収穫と分解:バイオフィルム法研究における見過ごされたステップ

これらの手順の全体的な目標は、再現性を高めるために、最適な方法でバイオフィルムを収穫および分解することです。このビデオでは、3つのテクニックが実証され、それぞれが異なる表面タイプからの収穫と分解に焦点を当てています。このビデオは、CDCバイオフィルム反応器からのポリカーボネートクーポンなどの硬い非多孔質表面からバイオフィルムをボルテックスおよび超音波処理するための適切な技術を実証します。
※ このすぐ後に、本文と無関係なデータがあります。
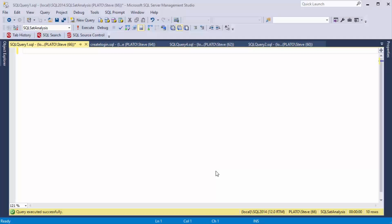Hi, I'm Steve Jones from SQL Server Central, and I've got another SQL Prompt tip for you, brought to you by Redgate Software.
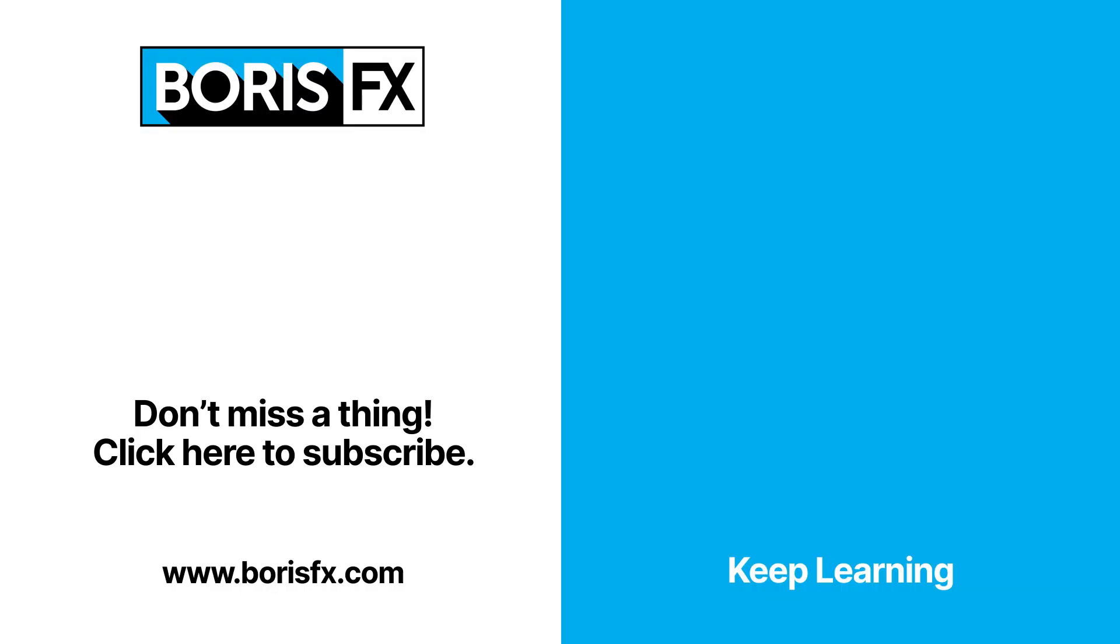For more Optics quick tips or longer videos, subscribe to this YouTube channel or head on over to the Boris FX website, where you'll find hours of free training for all the Boris FX products.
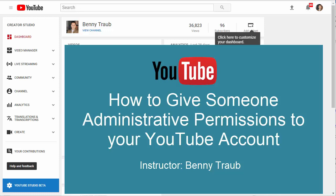If you'd like to give someone administrative access over your YouTube account, this is your tutorial.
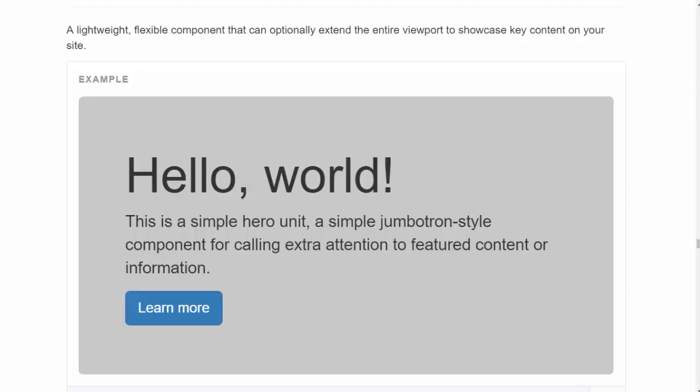Class Jumbotron is used to create a Jumbotron. A Jumbotron is displayed as a grey box with rounded corners. It also enlarges the font size of the text inside it. Jumbotron takes the full width of the element.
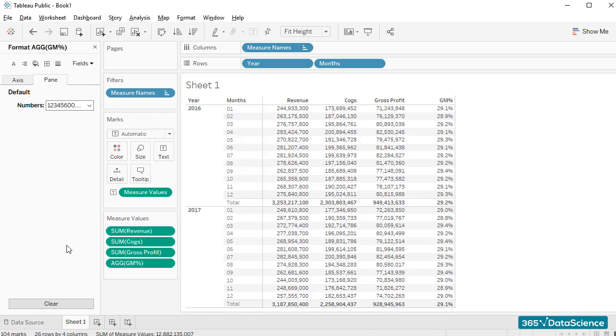In our next lesson, we'll add a filter that would allow us to choose whether to see both 2016 and 2017 values, or just one at a time. See you there!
第二に、ドリップフローリアクターで一般的に見られる硬質非多孔質ホウケイ酸ガラス表面のバイオフィルムの掻き取りおよび均質化である。そして3つは、カテーテルモデルに一般的に見られる多孔質シリコーンチューブ表面からのバイオフィルムの掻き取り、ボルテックス、および超音波処理である。こんにちは、私の名前はケリーバッキンガムマイヤーここで標準化されたバイオフィルムメソッドラボです。

私たちの研究室では、バイオフィルム法を成長、治療、サンプリング、分析の4つの要素に分けています。査読済みの文献では、バイオフィルムがどのようにサンプリングまたは採取され、表面から分解されるかの詳細は、典型的にはまばらである。これがこのビデオの理由です。
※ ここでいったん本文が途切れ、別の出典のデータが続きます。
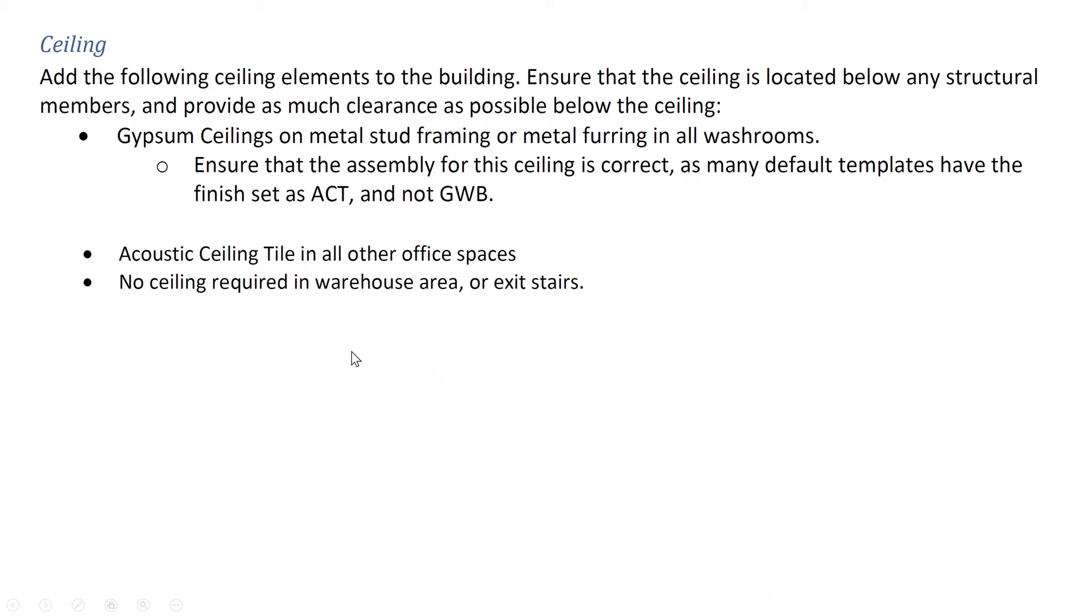Now, similar to the floor and the roof, we're going to add the ceiling by creating a profile of the perimeter of the area we're adding a ceiling to.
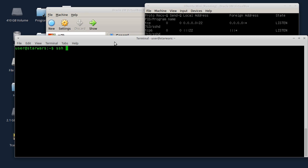Ako se povezujete na neki kompjuter u lokalnoj mreži, ukucate vaše korisničko ime, ukucate znak et, ukucate IP adresu kompjutera na koji se povezujete, na primjer 192.168.1.15, i povežete se tako. Tražit će vam šifru, dakle korisničku šifru ovog korisničkog naloga.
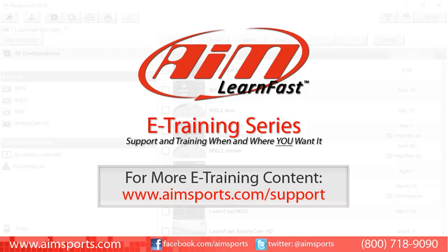For more AIM Sports LearnFast eTraining content and information about upcoming on-site training seminars, visit www.aimsports.com/support. Your source for support and training of AIM Sports products when and where you want it.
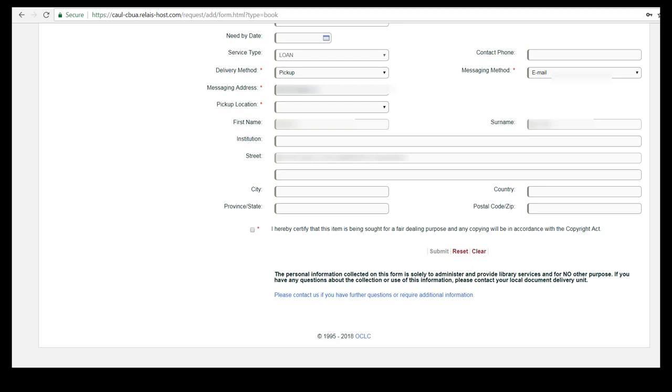Once all of the information is correct click the box at the bottom and click submit. You will be notified by email when the book arrives.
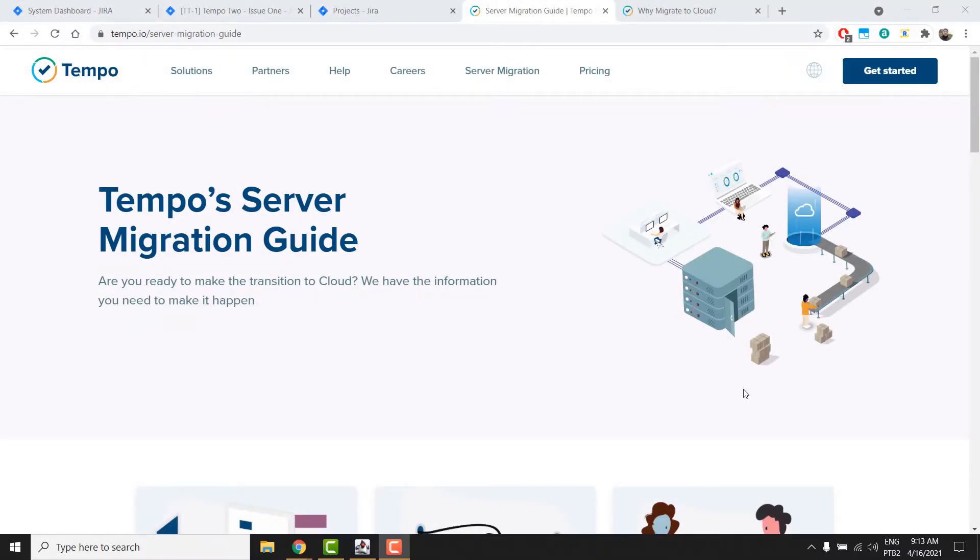Hello, I am Ariel from the Tempo support team and welcome to this quick guide on how to migrate your Atlassian Jira and Tempo timesheets data from the server to the cloud.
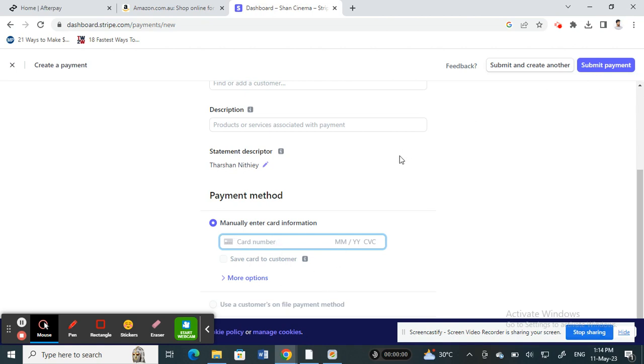In this way, you can actually pay to your own account using your card. That's the workaround through which you can actually add funds to your account.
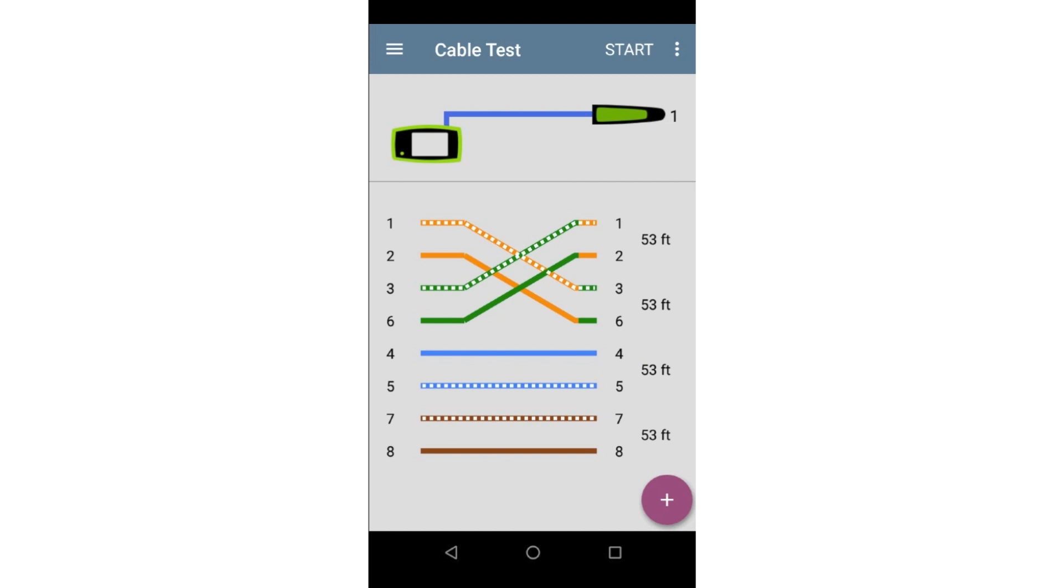By terminating the far end with a WireView cable ID, we can see a variety of other issues that can't be detected with an Unterminated test. Let's take a look at some of these.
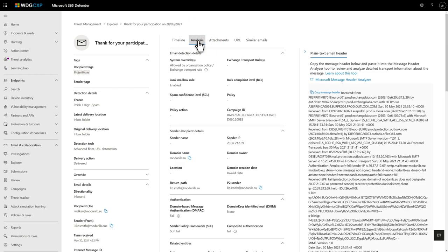The Analysis tab contains a great deal of detail about the message. Detections, sender and recipient details, plus information about email authentication are all there. As well, you can have a closer look at the message header.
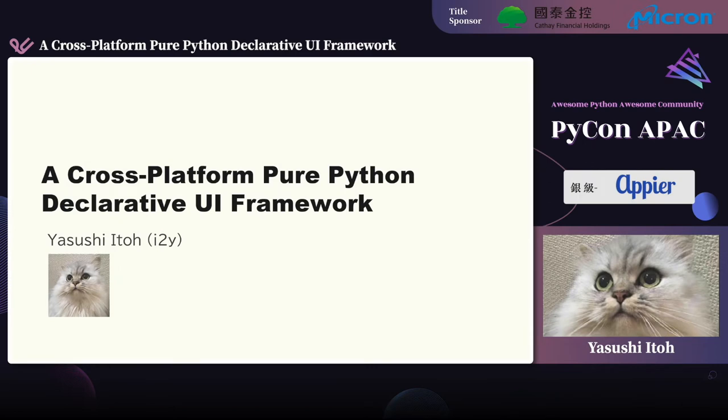Hello everyone. Today, as a software engineer who loves Python, I'd like to talk about cross-platform declarative UI frameworks in the Python world.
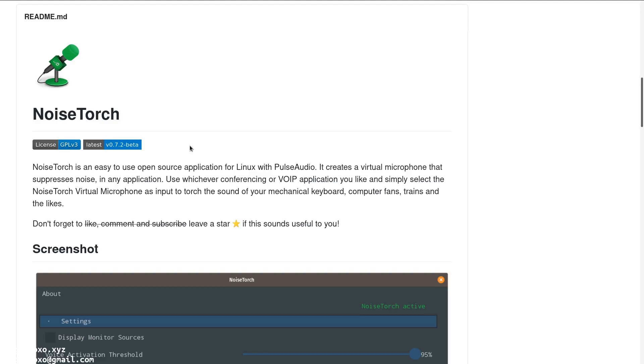And this is today's tutorial. I'll see you in the next one. Bye.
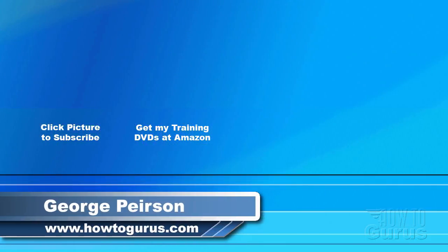Thank you for watching my video. I hope you found it useful. If you like this video, click on the like button below to let others know. You can click the subscribe button so you don't miss any of my videos in the future. I'm frequently uploading new training videos. Don't forget to check out my website at howtogurus.com.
私たちの研究室では標準化されたバイオフィルム法を開発および試験しているため、最も一般的な3つのバイオフィルム採取および分解方法が同定された広範な文献レビューを実施しました。これらの方法は、ポリカーボネートクーポンからのバイオフィルムのボルテックスおよび超音波処理、ホウケイ酸ガラスクーポンからのバイオフィルムの掻き取りおよび均質化、ならびにシリコーンチューブからのバイオフィルムの掻き取り、ボルテックスおよび超音波処理である。紙に書かれた方法は強力ですが、同僚のLindsey Millerと私が提示した技術的な詳細を含むビデオが役立つことを願っています。

開始するには、ASTM標準E2562に従って成熟緑膿菌15442バイオフィルムを成長させ、CDCバイオフィルムリアクターを用いて高剪断および連続流で成長させた緑膿菌バイオフィルムの定量のための標準試験方法。48時間の成長期間の終わりに、ASTM標準E2871に従ってクーポンを処置し、サンプルクーポンを準備し、CDCバイオフィルムリアクターで成長したバイオフィルムに対する消毒剤の有効性を決定するための標準試験方法をシングルチューブ法を用いて行う。次に、オートクレーブ処理されたスプラッシュガードを、火炎滅菌された鉗子を使用して滅菌された50ミリリットルの円錐形チューブに無菌的に挿入します。

治療を受けるすべてのチューブについて繰り返します。コントロールクーポン用のチューブにはスプラッシュガードは必要ありません。CDCバイオフィルム反応器からロッドを無菌的に取り出し、30ミリリットルの滅菌希釈水ですすいでください。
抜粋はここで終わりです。